──────── Provided entries ────────
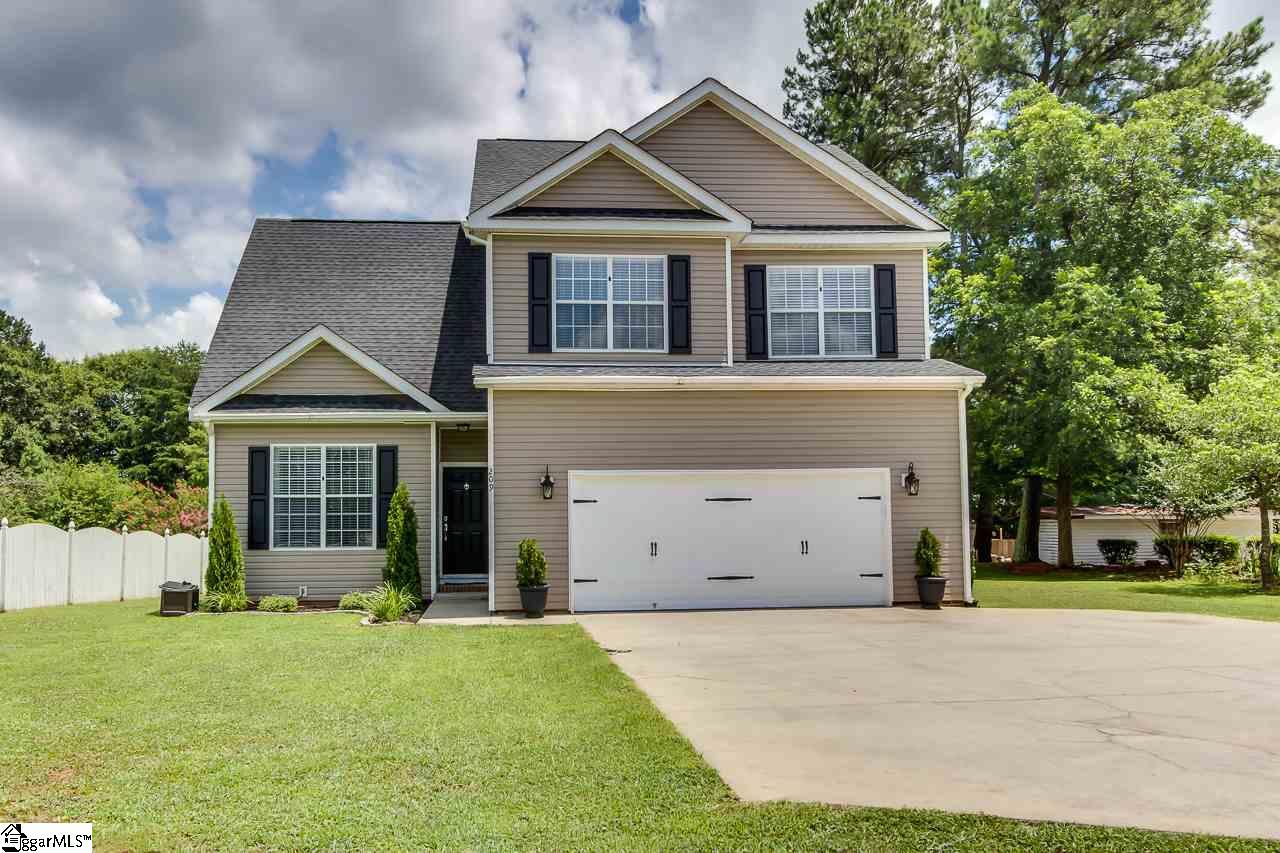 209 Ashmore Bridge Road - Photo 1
────────
──────── Provided entries ────────
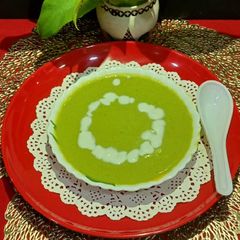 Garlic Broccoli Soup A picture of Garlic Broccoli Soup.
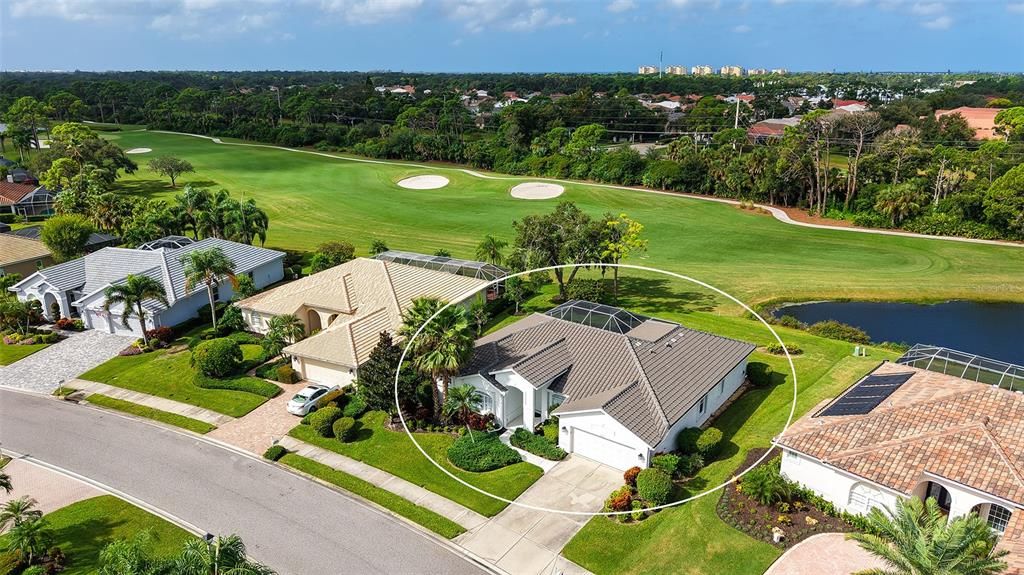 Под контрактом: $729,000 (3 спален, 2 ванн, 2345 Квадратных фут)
────────
■ What is needed: Range to copy from the records above: the line containing "Garlic Broccoli Soup A" to the line containing "Под контрактом: $729,000", both included. Output those lines exactly and only those, skipping pictures.

■ Exercise answer:
 Garlic Broccoli Soup A picture of Garlic Broccoli Soup.
 Под контрактом: $729,000 (3 спален, 2 ванн, 2345 Квадратных фут)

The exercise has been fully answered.